(Caption-style text data)
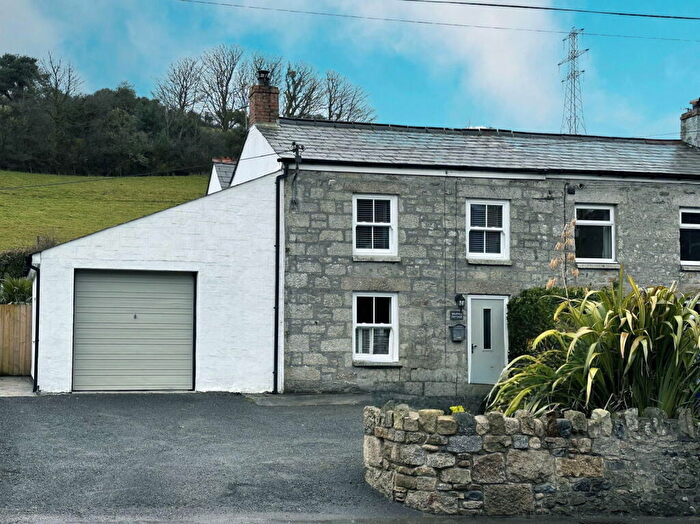 3 Bedroom Semi Detached House For Sale In Ruddlemoor, St Austell, PL26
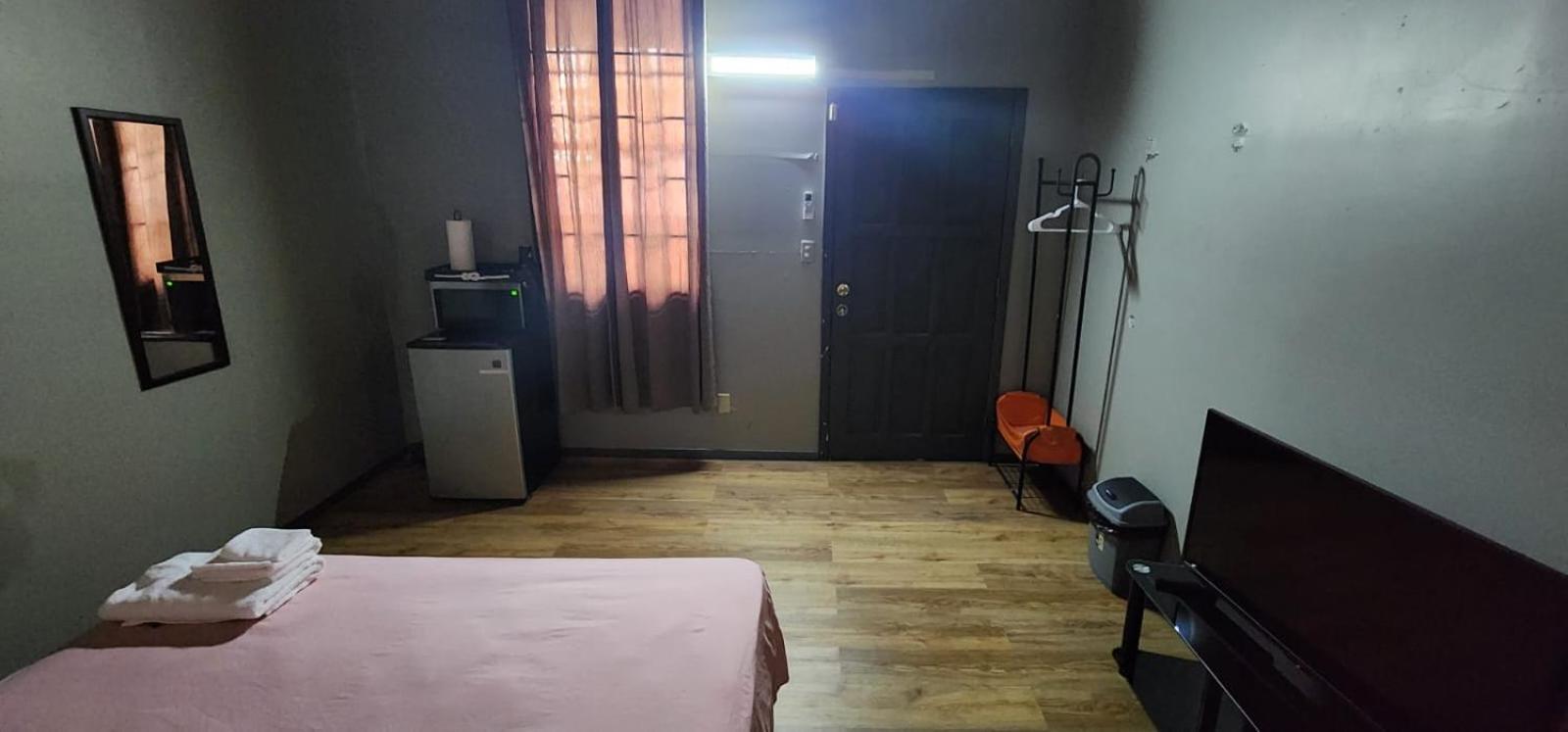 Jj Guest House Branns Hamlet 外观 照片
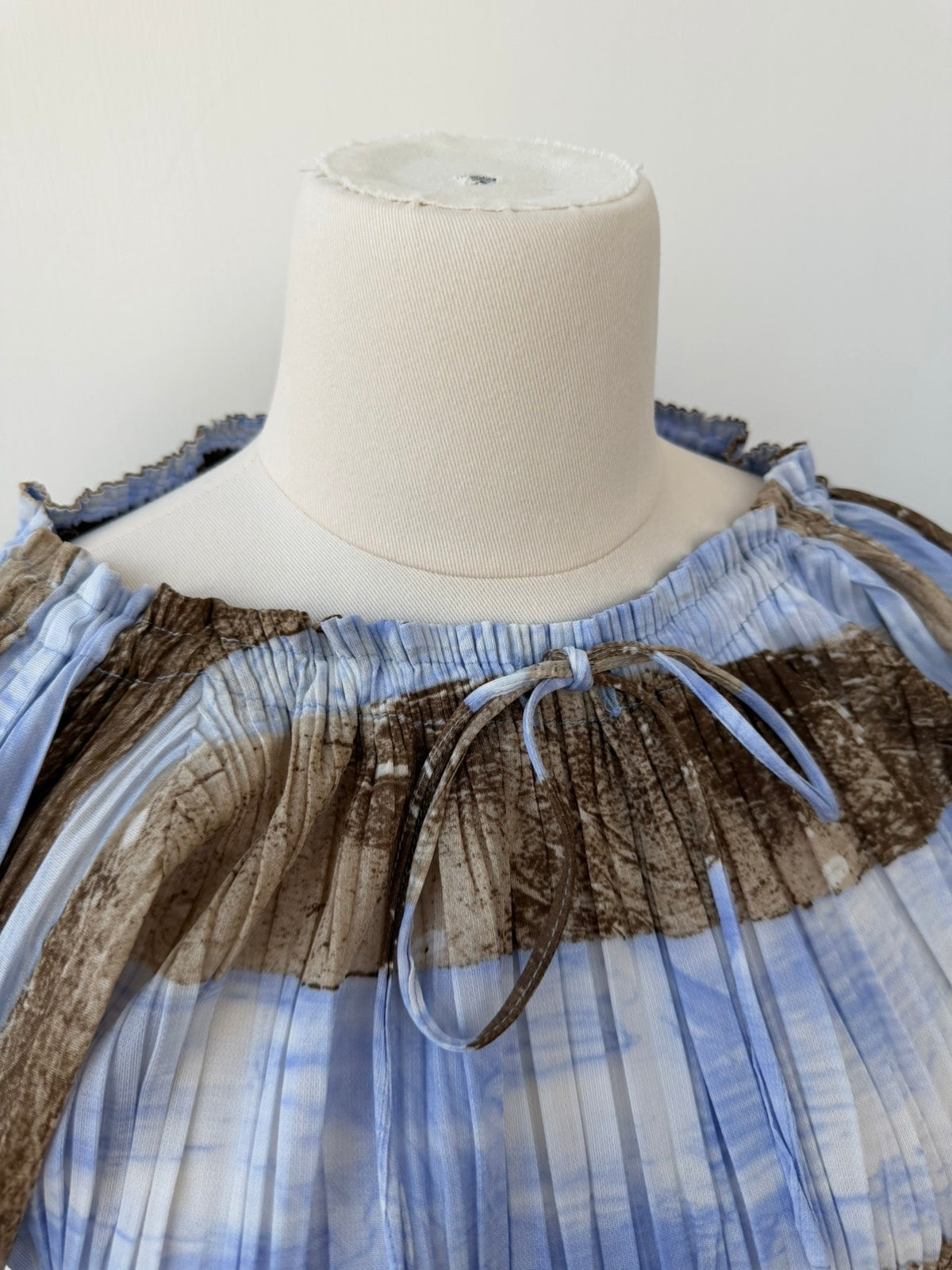 PLEATS PLEASE S/S 2003 RIBBON TOP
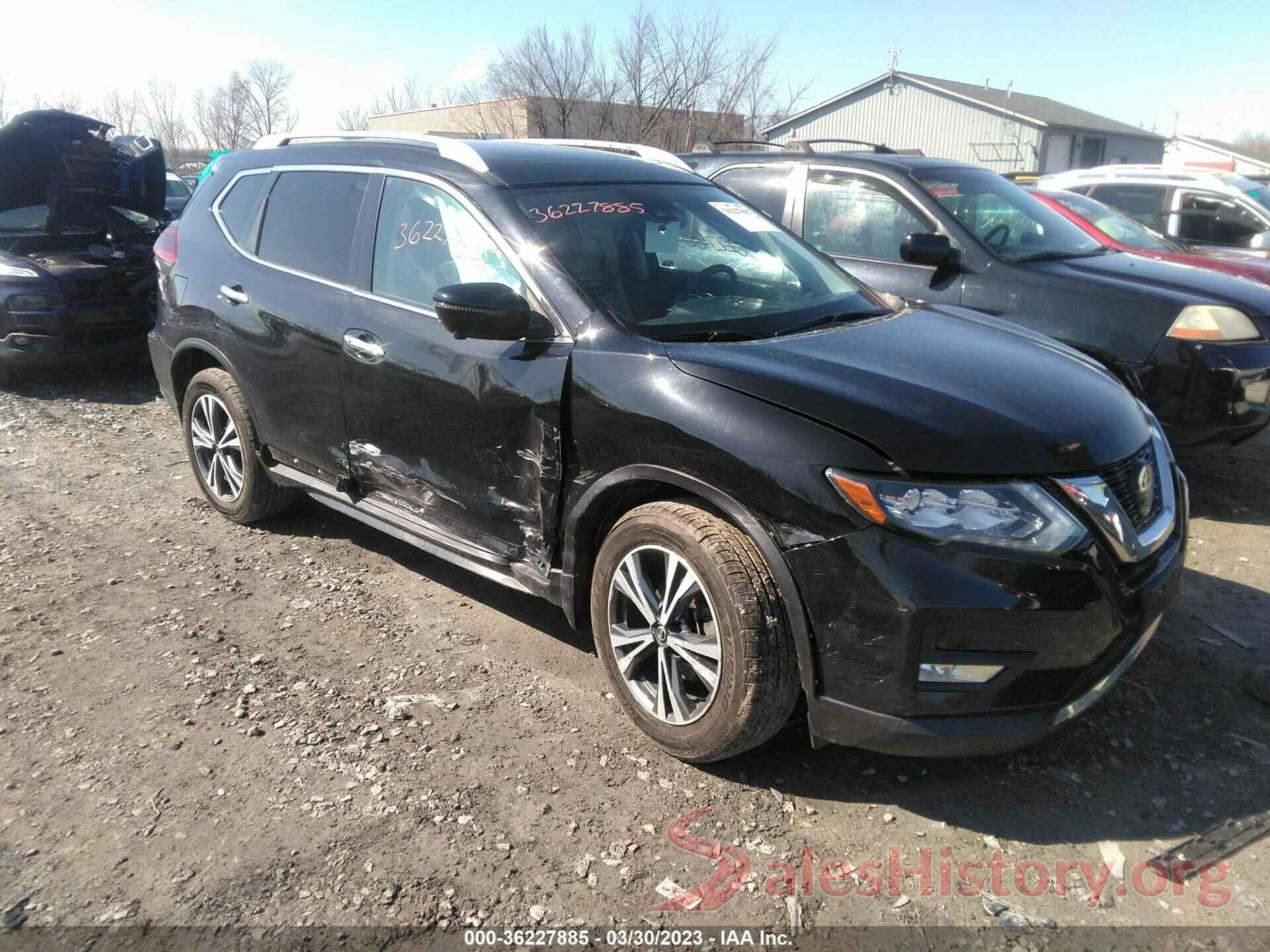 5N1AT2MV9JC825429 2018 NISSAN ROGUE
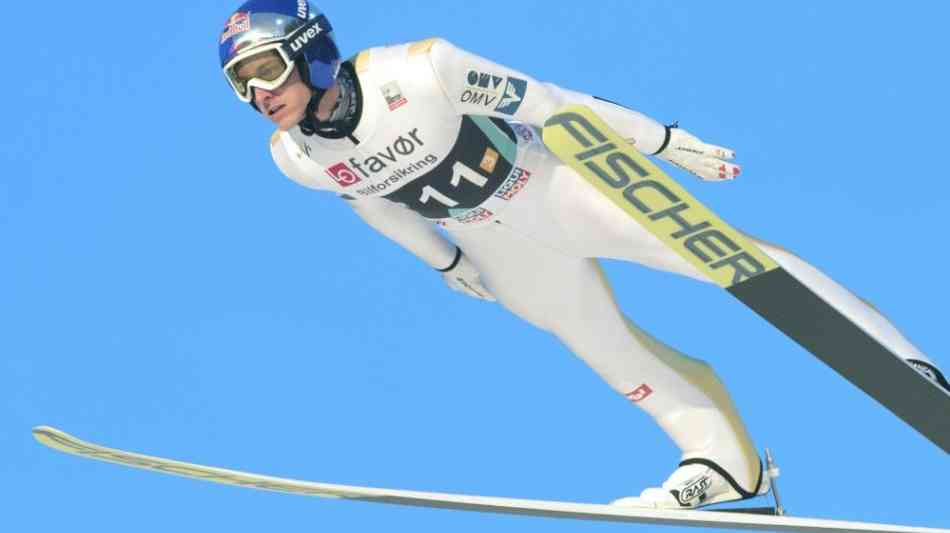 Skispringer Schlierenzauer nach Sturz erneut au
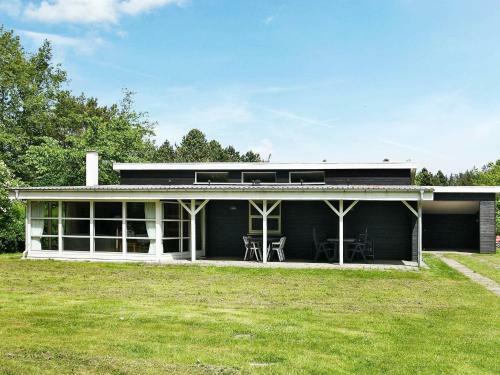 Four-bedroom Holiday Home In Hals 2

- **WHAT IS NEEDED**:
Copy out every entry above exactly. Leave the pictures out.

- **EXERCISE ANSWER**:
 3 Bedroom Semi Detached House For Sale In Ruddlemoor, St Austell, PL26
 Jj Guest House Branns Hamlet 外观 照片
 PLEATS PLEASE S/S 2003 RIBBON TOP
 5N1AT2MV9JC825429 2018 NISSAN ROGUE
 Skispringer Schlierenzauer nach Sturz erneut au
 Four-bedroom Holiday Home In Hals 2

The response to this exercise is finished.